Ein Jahr nach dem Angriff Russlands auf die Ukraine hat Putin dafür gesorgt, dass unser Denken, unsere Begriffe, unsere Sicherheiten neu geschrieben wurden, findet Lena Bodewein.
Als ich klein war, war die Sache für mich klar: Frieden schaffen ohne Waffen. Dafür gingen die Menschen auf die Straße. Das Gleichgewicht des Schreckens war eine furchtbare Bedrohung und am liebsten sollte die Bundeswehr so wenig zu tun haben, dass sie in der Bedeutungslosigkeit verschwindet.
Der Frieden hat Lücken
Ein Jahr nach der Invasion Russlands in der Ukraine sind diese Gewissheiten komplett verloren, die Plattentektonik der Weltordnung erschüttert und die der Friedensbewegung ebenfalls. Um ein Zeichen für den Frieden zu setzen, ist für den Jahrestag der Invasion eine Menschenkette zwischen Münster und Osnabrück geplant, doch es fehlen laut Organisatoren noch Zigtausende Menschen dafür - der Frieden hat große Lücken. Der Pazifismus kommt an seine Grenzen bei irren Kriegstreibern wie Putin, die für Verhandlungslösungen nicht zugänglich sind - oder erst, wenn sie mit Waffengewalt dazu gezwungen werden. Und das ist das Dilemma - alle wollen Frieden, aber der scheint nur erreichbar, wenn immer mehr Kriegsgerät, Munition, Panzer, vielleicht sogar Kampfflugzeuge geliefert werden.

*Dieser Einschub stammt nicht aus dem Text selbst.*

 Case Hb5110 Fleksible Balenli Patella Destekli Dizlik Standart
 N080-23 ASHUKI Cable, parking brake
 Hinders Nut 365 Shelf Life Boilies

Frieden schaffen nur mit Waffen? Da wären wir bei von Clausewitz, Offizier und Militärwissenschaftler, und seiner Ansicht: "Der Krieg ist nichts als eine bloße Fortsetzung der Politik mit anderen Mitteln". Eine Fortsetzung von Putins Politik zunächst - der Angriff auf die Ukraine. Und nun muss es die Politik der ganzen restlichen Welt sein, dieses Unrecht zu beenden. Mit den Mitteln des Krieges.

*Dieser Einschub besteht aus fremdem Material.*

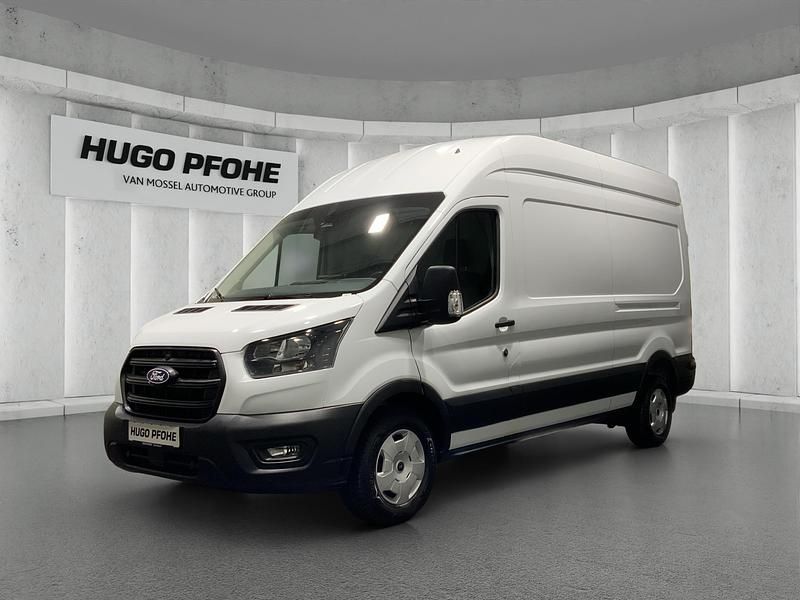 Frozen white Gebraucht 2024 Ford Transit Trend Van | 31.790 € (Superpreis) - Bild 1/4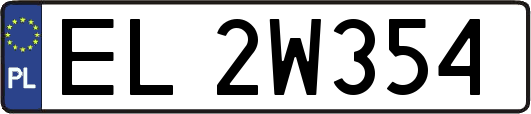 EL2W354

Kalter Krieg: Neu gestartet und ausgeweitet
Insofern ist es naiv, wenn man glaubt, Putin stoppen zu können, wenn man ihm auch die andere Wange hinhält, wie es der Effekt des "Manifests für den Frieden" von Sahra Wagenknecht und Alice Schwarzer wäre. Dieser Aufruf verwechselt Ursache und Wirkung - womit wir wieder bei von Clausewitz wären und seinem bösen Bonmot, wonach eigentlich der Verteidiger schuld am Krieg ist, weil er sich dem Angreifer in den Weg stellt.
Selbst wenn der Krieg in der Ukraine in absehbarer Zeit zu Ende sein sollte: Die weltpolitischen Erschütterungen, die er hinterlässt, sind verheerend; Washington, Russland, China - früher hieß das Säbelrasseln, heute ist es Bombendrohen. Der Kalte Krieg scheint nicht nur neu gestartet, sondern im Hyperdrive auf alle möglichen Schauplätze der Welt ausgeweitet: Oft genug schon wurde spekuliert, dass China das Ukraine-Beispiel kopieren und sich Taiwan einverleiben könnte.

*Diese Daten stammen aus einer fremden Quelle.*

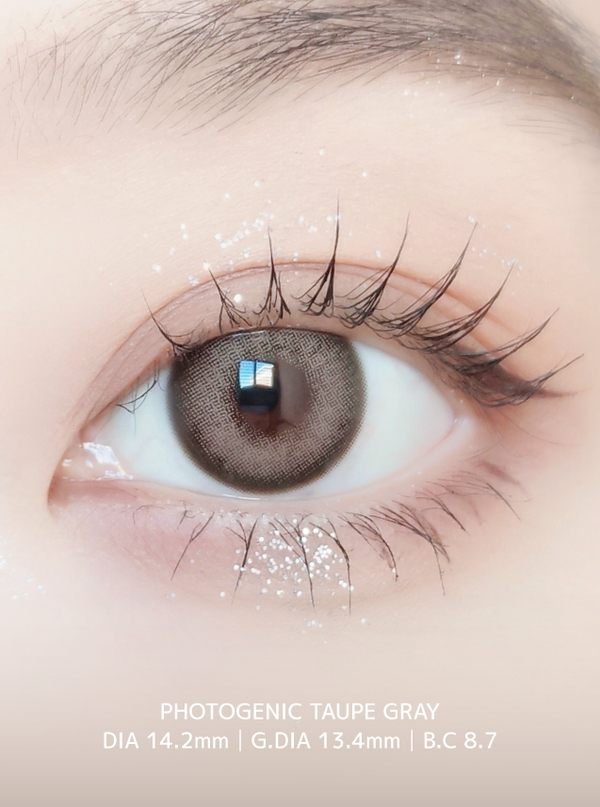 Photogenic Taupe Gray 搶fo灰(1 Day / 10片)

Frieden durch Waffen und Verhandlungen
Neulich las ich, dass Geparde nach Indien geliefert und ausgewildert werden. Und war verwirrt, bis ich verstand: In dem Artikel ging es um Tiere. Während man doch eigentlich bei jedem Wildtier - Leopard, Marder, Wiesel, Gepard - inzwischen an ein Kampfgerät denkt, weil wir ganze Menagerien in die Ukraine schicken. Weil wir es müssen.
Es sind nicht nur die Eskalation der Kampfhandlungen und die Eskalation des Konfliktes weltweit, die mir Angst machen, sondern es ist auch die Eskalation in unseren Köpfen: mit welcher Bereitwilligkeit und flink erworbener Expertise wir so etwas diskutieren, so wie wir vorher eine Fußball-WM diskutiert haben. Das beunruhigt mich.
Doch ich möchte jetzt nicht darüber reden, wie "betroffen" mich das macht oder eine ähnliche Gefühlsduselei der Betrachter pflegen, wie sie gerade en vogue ist. Denn das wirkliche Leid geschieht in der Ukraine, und damit das ein Ende findet, müssen wir Frieden schaffen - auch mit Waffen, und dann mit Verhandlungen.